Please copy exactly the line that contains "5th image of 2672 Watson St" and every line after it through the end of the records, leaving the pictures out.

[[ SUPPLIED MATERIAL, beginning ]]

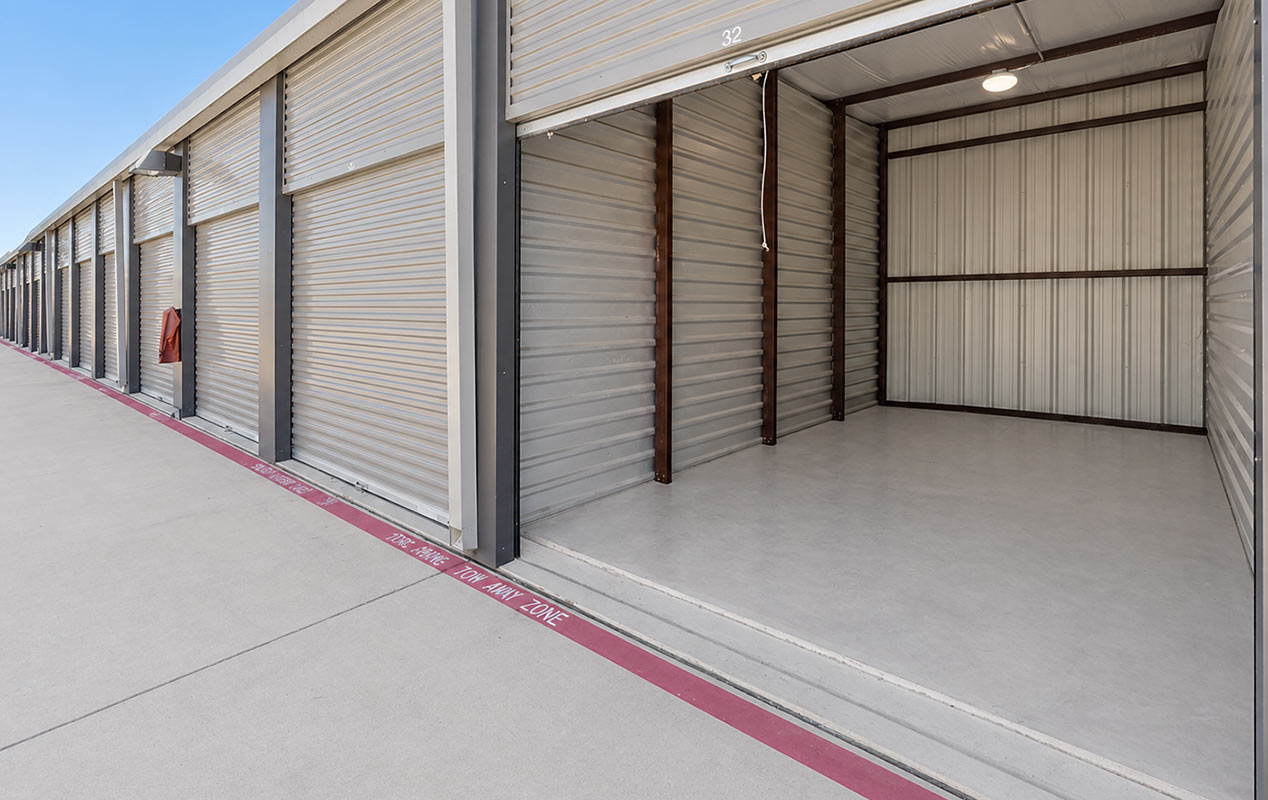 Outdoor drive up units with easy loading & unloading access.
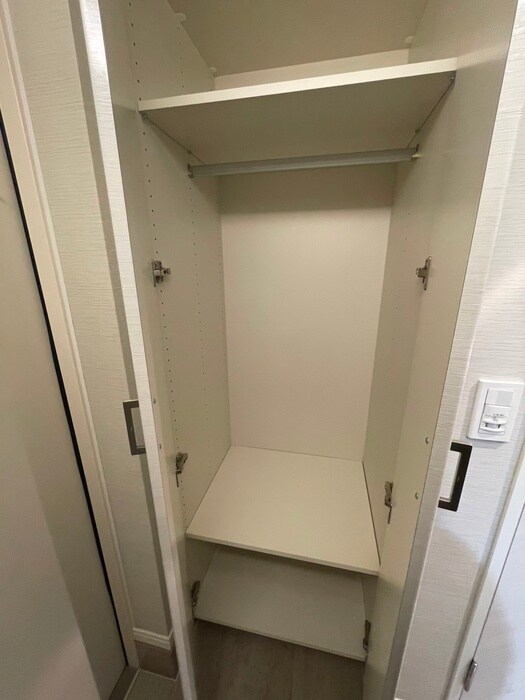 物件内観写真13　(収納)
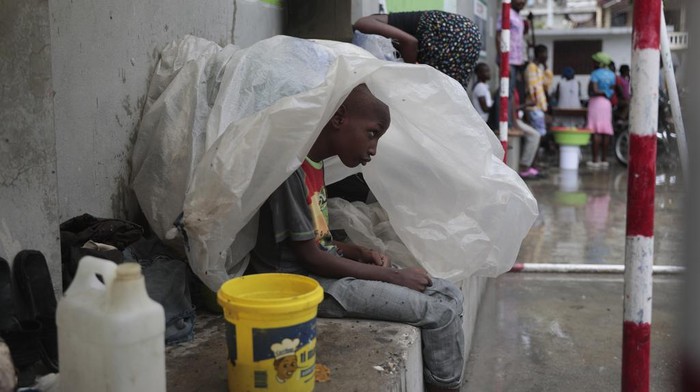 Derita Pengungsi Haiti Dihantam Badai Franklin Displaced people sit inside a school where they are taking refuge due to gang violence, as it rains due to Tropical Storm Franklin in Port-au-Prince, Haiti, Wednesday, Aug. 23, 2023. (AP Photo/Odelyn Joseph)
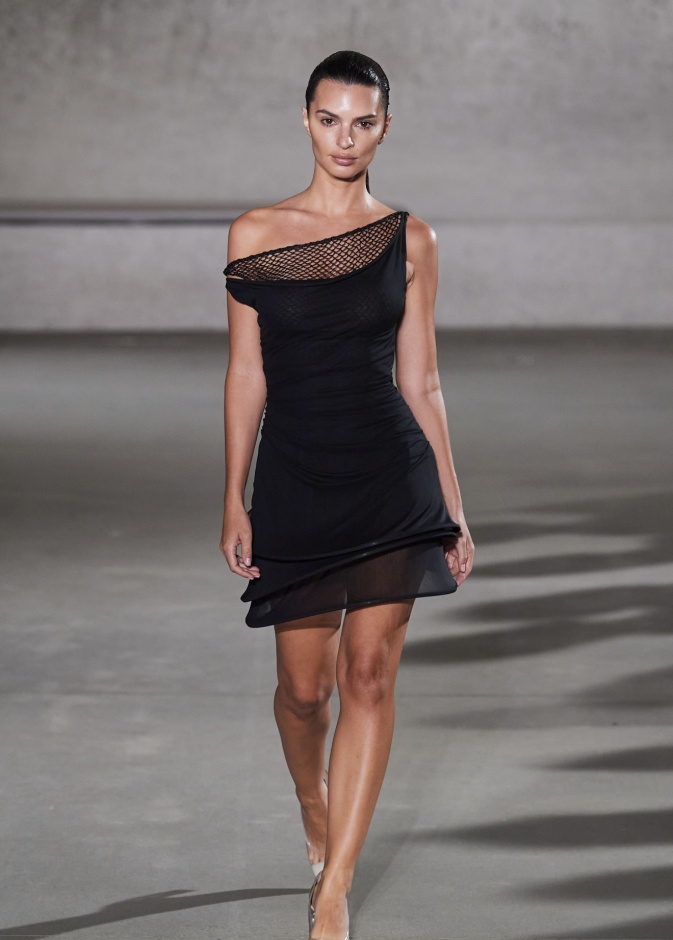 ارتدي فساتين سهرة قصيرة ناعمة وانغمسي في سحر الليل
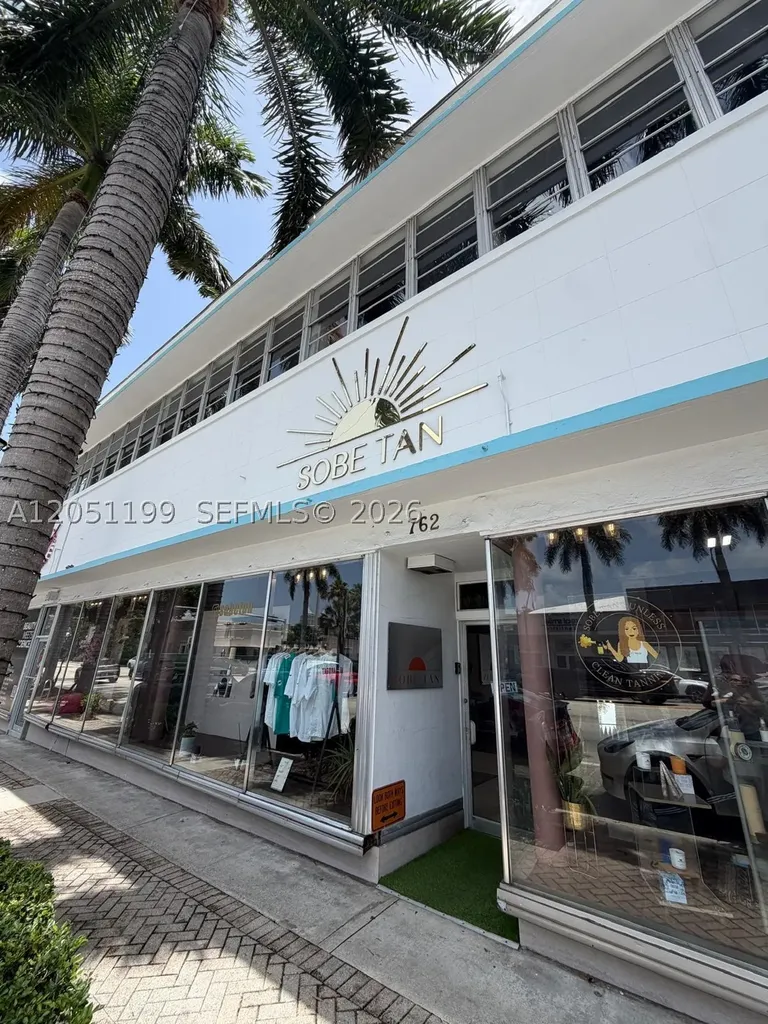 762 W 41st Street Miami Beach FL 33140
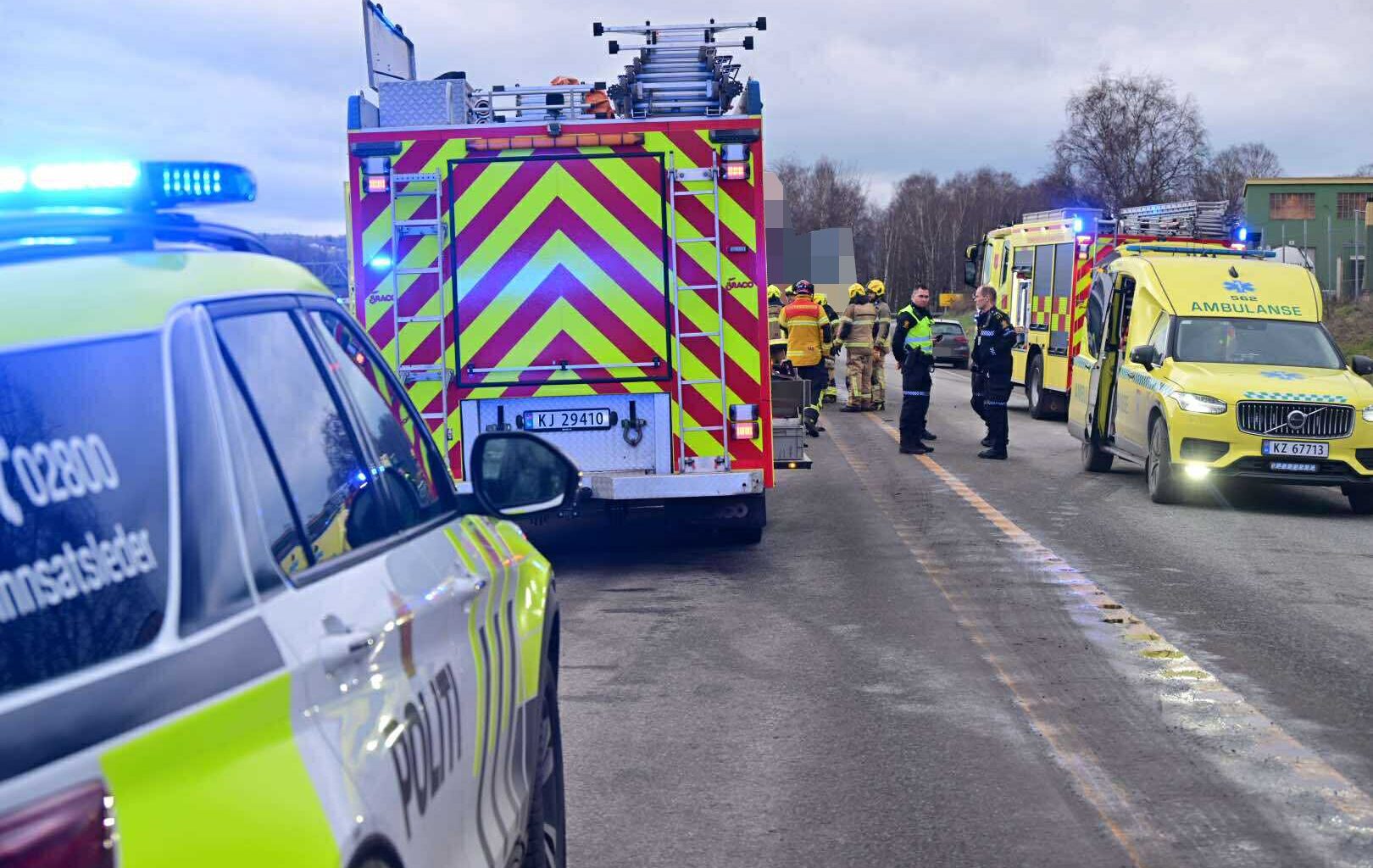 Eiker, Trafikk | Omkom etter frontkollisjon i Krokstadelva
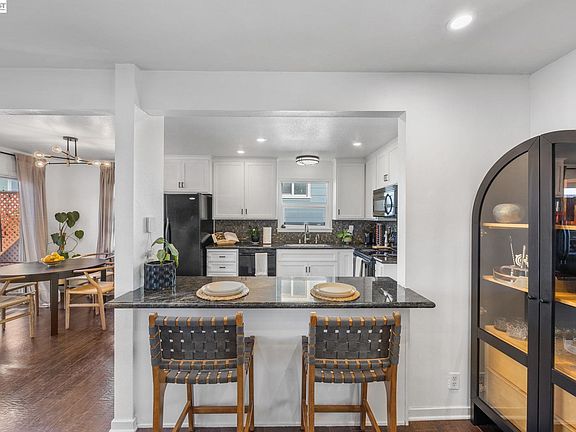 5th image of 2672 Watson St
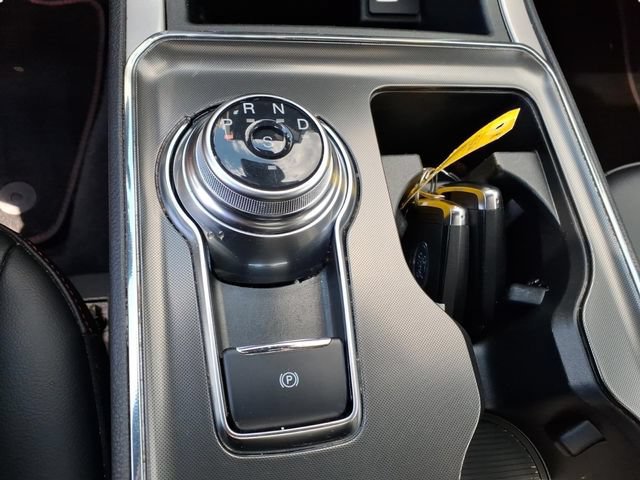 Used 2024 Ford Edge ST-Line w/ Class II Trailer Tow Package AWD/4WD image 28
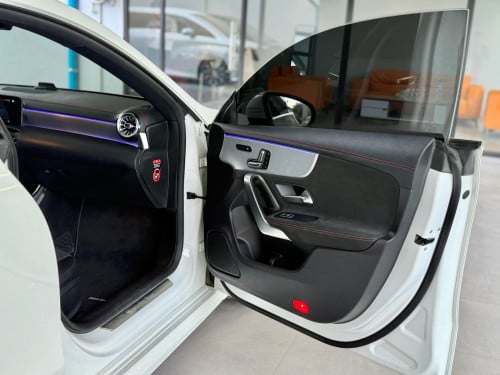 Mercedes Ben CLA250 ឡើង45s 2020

[[ SUPPLIED MATERIAL, end ]]

* TASK ANSWER
 5th image of 2672 Watson St
 Used 2024 Ford Edge ST-Line w/ Class II Trailer Tow Package AWD/4WD image 28
 Mercedes Ben CLA250 ឡើង45s 2020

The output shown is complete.